En el mismo sentido, es preciso recordar que el artículo 248 del Código Penal contempla prisión de un mes a dos años para aquel funcionario que “no ejecutare las leyes cuyo cumplimiento le incumbiere”, al tiempo que su artículo 205 reprime con prisión de seis meses a dos años a quien “violare medidas adoptadas por las autoridades competentes para impedir la introducción o propagación de una epidemia”. No pocos ciudadanos se encuentran hoy procesados o han sido multados por la presunta comisión de este último delito.
Más allá de las pruebas que aportan las imágenes del festejo de cumpleaños de Fabiola Yáñez el 14 de julio de 2020, la confesión de Alberto Fernández fue reveladora. Lo que el mandatario calificó de error constituye, en rigor, la violación de una medida que él mismo dictó: un delito.
No es tampoco un asunto menor la violación del principio de igualdad ante la ley por parte del Presidente, en tanto él, su pareja y un grupo de personas se colocaron por encima de la ley para participar de un festejo en momentos en que las reuniones sociales estaban prohibidas para millones de argentinos, que se vieron privados de verse con sus seres queridos o incluso de darles el último adiós.
Habría, además, numerosas razones para esgrimir mal desempeño del jefe del Estado.

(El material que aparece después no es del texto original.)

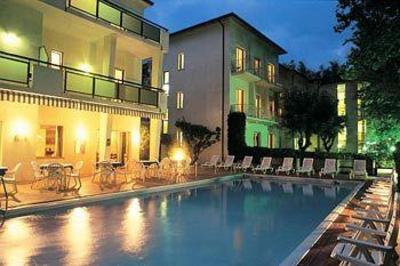 фото отеля Hotel Athena Cervia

El turbio manejo o la incompetencia en la compra de vacunas, por caprichos ideológicos, cuando no por mera corrupción, y que provocó tantas muertes que podrían haberse evitado, no deja de ser otra causal de mal desempeño. Ni qué hablar de la vocación por arrogarse funciones judiciales o directamente presionar por una reforma.
Por encima de las cuestiones asociadas a la gestión de las políticas públicas, hay que tener en cuenta que un juicio político es un juicio moral. Y lo que, en ningún caso, puede perderse de vista es que el Presidente no solo violó normas que él mismo impuso a la ciudadanía, sino que llegó a calificar de “idiotas” y de “vivos” a quienes no las respetaban. En un derroche de histrionismo, el primer mandatario mintió reiterada y descaradamente a todos los argentinos.

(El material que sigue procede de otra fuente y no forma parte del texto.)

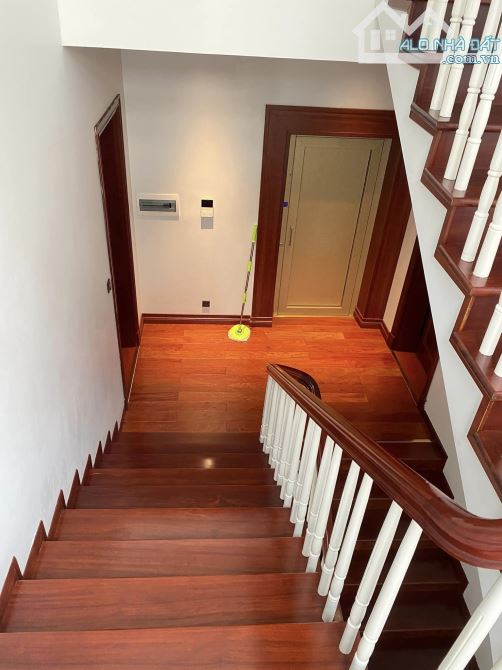 Cần bán biệt thự khu ĐTM Trung Yên, DT: 320m2 x 4 tầng, MT 16m, 5 Ô tô tránh, Giá 95 tỷ - 4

No solo ha quedado devaluado el principio de ejemplaridad que debe cultivar un jefe de Estado, sino que el valor de su palabra volvió a caer demolido. Durante el mensaje que pronunció el viernes último en Olavarría, en el que Alberto Fernández no pidió perdón expreso por lo sucedido, afirmó que, desde su gobierno, nunca se había ocultado nada y destacó, además, que no se consideraba “careta”. Siguió escondiendo.
Pocas horas antes de que se conociera, a través de LN+, la primera foto de la fiesta clandestina en Olivos, el Presidente había concedido una entrevista al programa Caja negra, que se emite por YouTube, en la que enfatizó que “no había tales reuniones”. Contundente: volvió a mentir.

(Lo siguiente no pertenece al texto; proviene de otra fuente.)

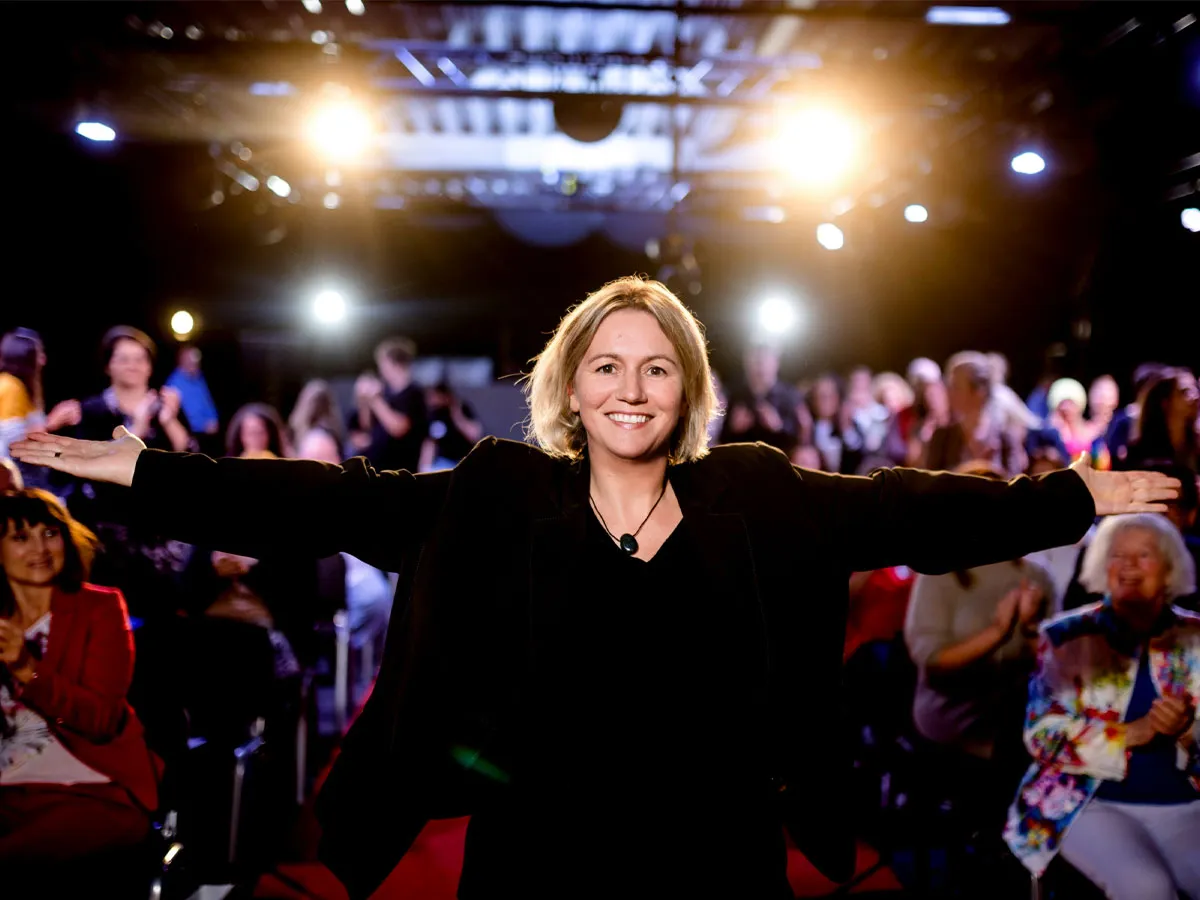 Auf der Bühne (© Dominik Pfau)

Supuestamente avezado en cuestiones de género, la falta de caballerosidad hacia su compañera expuesta en sus pocas creíbles palabras bien valdría un párrafo aparte.
En los Estados Unidos, las mentiras de los presidentes fueron los principales hechos desencadenantes de procesos de juicio político. Entre nosotros, con una institucionalidad subvertida y una independencia de poderes en crisis, mentiras de grueso calibre desde el vértice del poder solo refieren al nivel de impunidad con que se manejan nuestros gobernantes, riéndose de una ciudadanía a la que ya nada sorprende.
Podrán discutirse la oportunidad del juicio político y su conveniencia, teniendo en cuenta que la destitución de Alberto Fernández podría derivar en un mal mayor, como han señalado algunos dirigentes de Juntos por el Cambio. Habrá también quienes entienden que sería más conveniente que el verdadero poder abandone las sombras y tome las riendas en un escenario crítico. Lo que nadie osaría poner en duda es que realmente sobran razones para enjuiciar a quien exhibe ostensibles faltas de idoneidad moral.